Barrick bullish, buys out gold hedges

Barrick really wants to get out of its fixed-price gold hedges:
Barrick Gold will issue $3 billion in stock to eliminate all of its fixed-price gold hedges and a portion of its floating hedges, taking a $5.6 billion hit to third-quarter earnings, the world's top gold miner said on Tuesday.

For Barrick, which expects gold prices to keep rising, the deal should remove what has been a big drag on its shares, the legacy of the company's past reliance on hedging, a practice it abandoned in 2003.
Presumably they're buying out the contracts at market prices, making this a strong bullish bet on gold prices (not only do they now have directional exposure, they've also assumed the risk of earnings volatility that was hedged away before).

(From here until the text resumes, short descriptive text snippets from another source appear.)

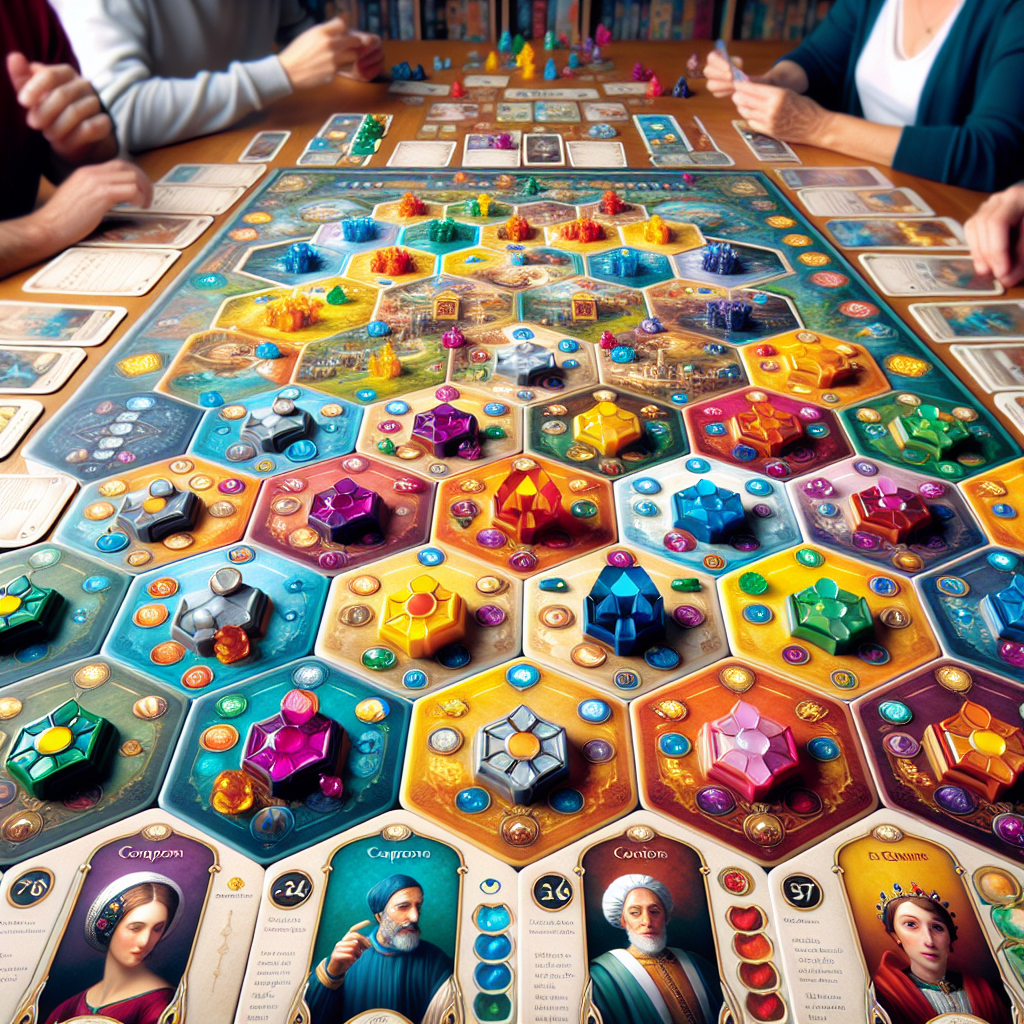 Gameplay Tips: Maximizing Your Strategy in Splendor  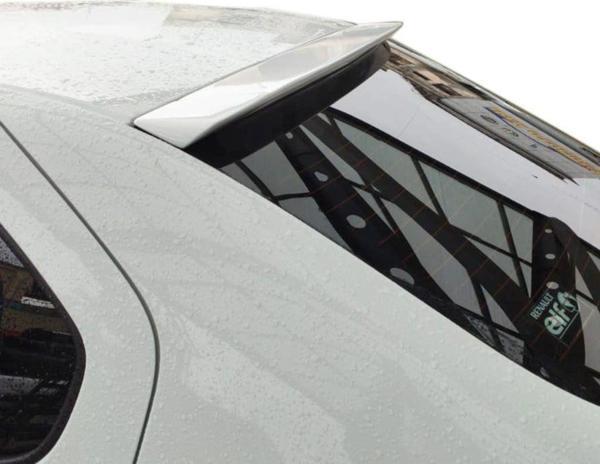 Renault Clio Uyumlu 4 Sedan Cam Üstü Tavan Spoiler Boyalı - Image 1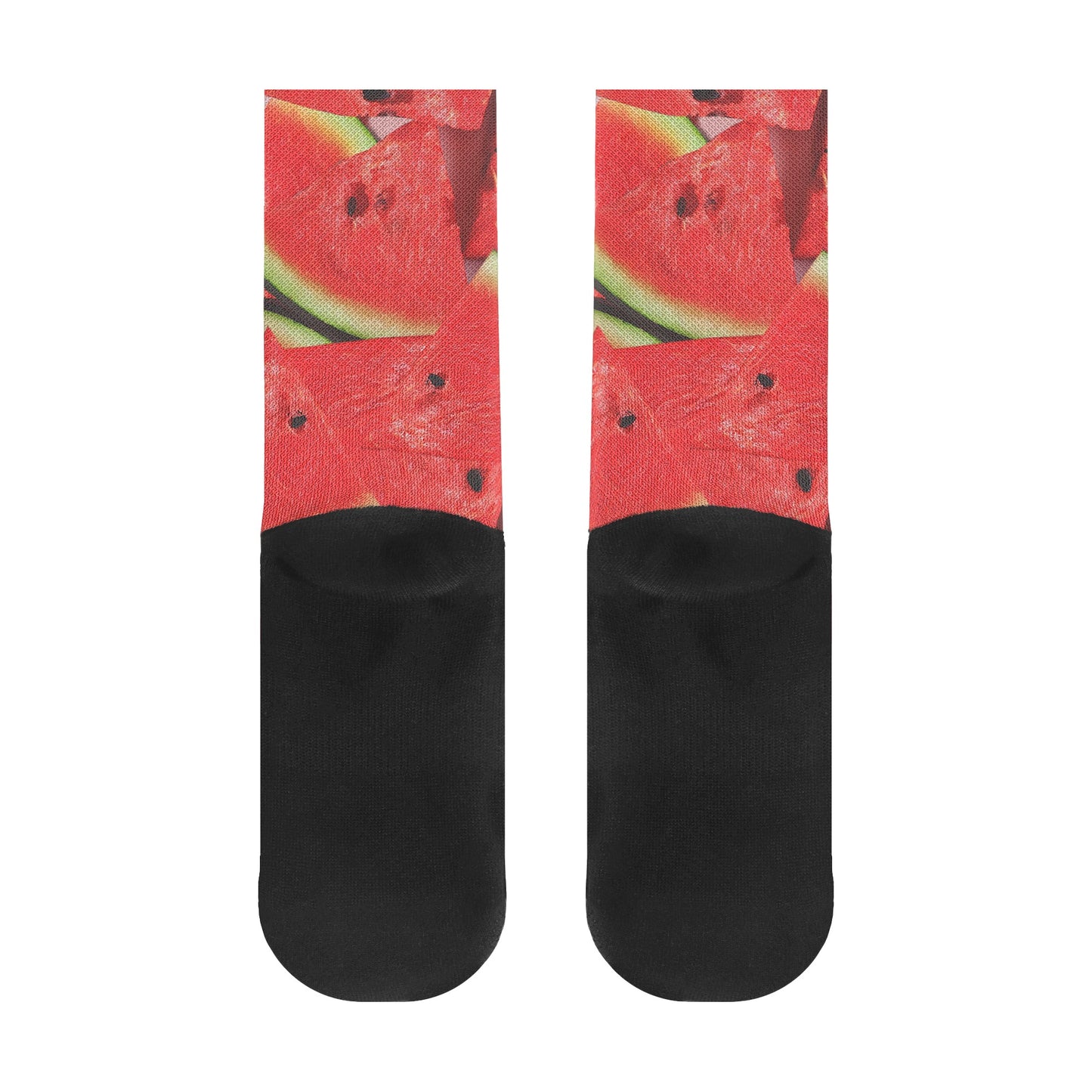 Garden Fresh Socks: Watermelon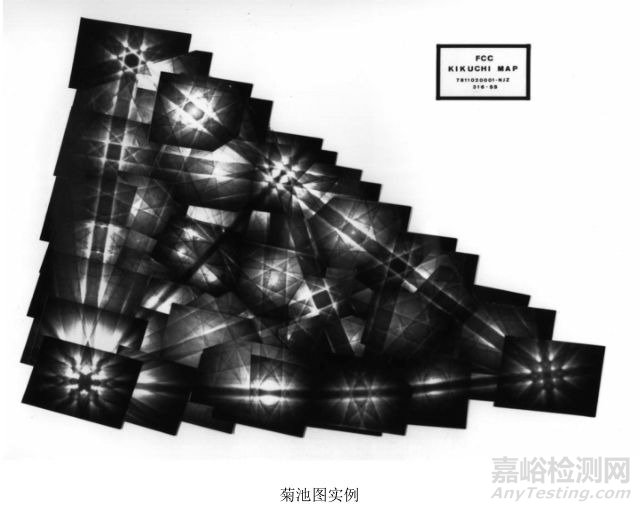 TEM衍射花樣的標(biāo)定原理:復(fù)雜電子衍射花樣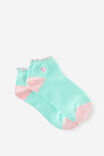 Ankle Socks 2 Packs, HEART - example image 2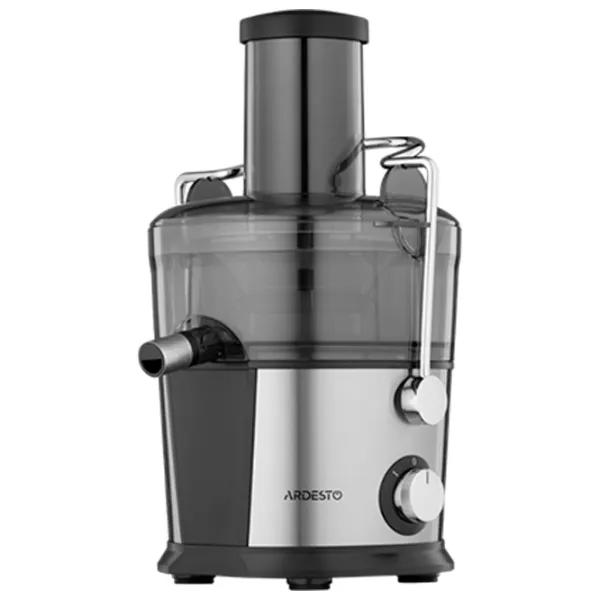 Storcator de fructe Ardesto JEG-800 Centrifugă / 1100 W / Black Silver photo 4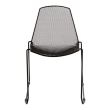 Scaun metalic tip plasa Urania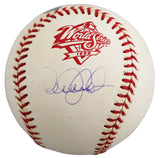 Yankees Derek Jeter Signed 1998 World Series Baseball W/ Case MLB #AR012538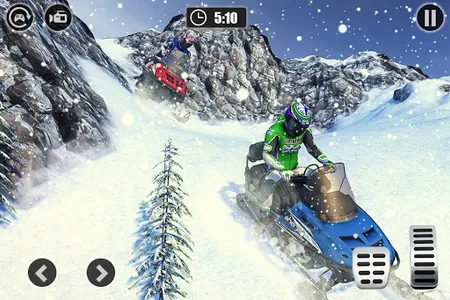 Snow Atv Bike Racing Sim screenshot 7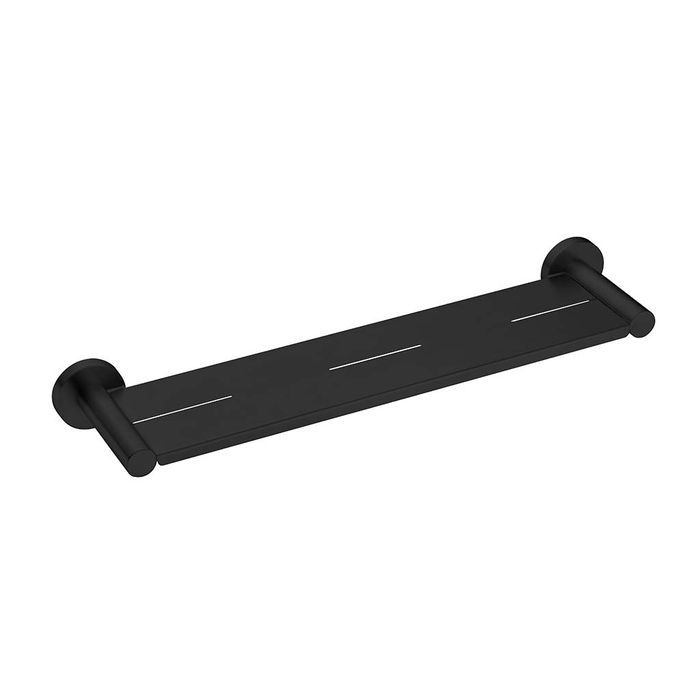 Duschablage Highline Serie Schwarz matt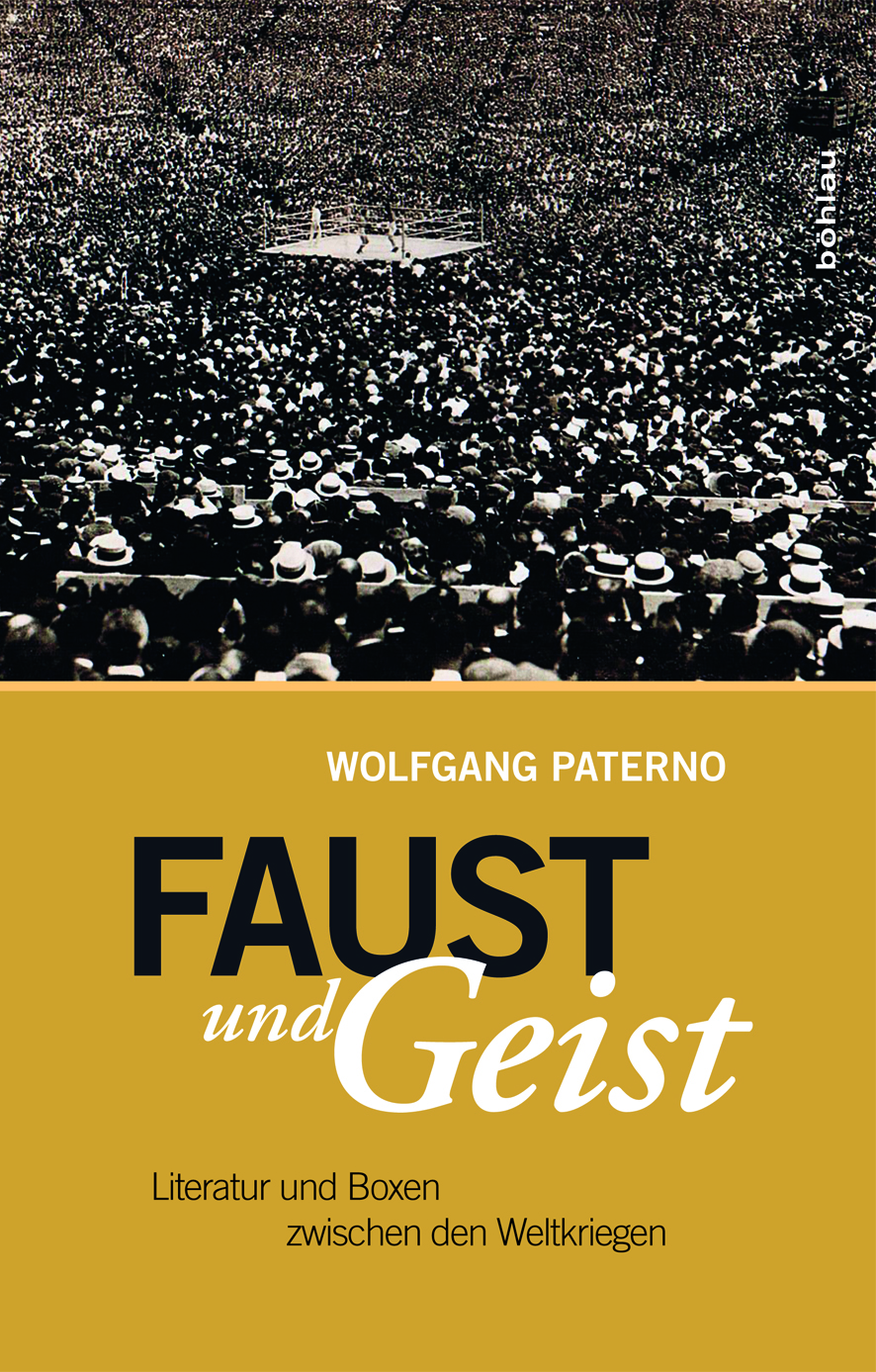 Book cover: Faust und Geist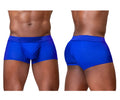 Vibrant royal blue ergo wear ew1756 feel se men’s briefs with subtle textured pattern and elastic waistband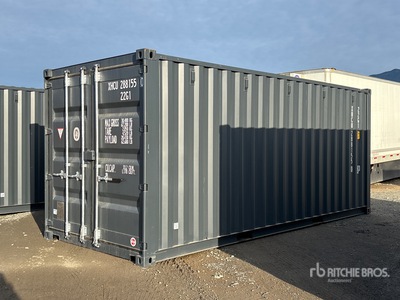 2026 20 ft Standard Contenedor de almacenamiento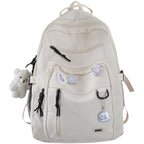 Backpack School Bag Girls Students Schoolbag High Capacity M | Luggage & Bags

The supports rationale the NYT cites seems questionable, though:
A raging gold market also made the timing right, the source said.
Unless you are a big believer in the commodity super-cycle, a "raging market" should sound like a market peak, i.e. a good time to lock in long-term prices for your production... and yet Barrick is doing the exact opposite.

Only time will tell how this works out, but it is a naked directional bet - and not as sure a thing as media coverage would have you believe.

Update: The investor community seems to like it - the offering was so oversubscribed that they've raised their target to $3.5bn.

Update 2: The broader market isn't as convinced the move will add value for existing shareholders - Barrick is down 6%.

Update 3: My favorite finance blogger Felix Salmon agrees with me, only more harshly:
And then there are the hedges which just don’t make any sense at all: like Barrick Gold, which locked in low gold prices and is now spending a whopping $3 billion to unlock them at the top of the market. Anybody care to explain that one to me?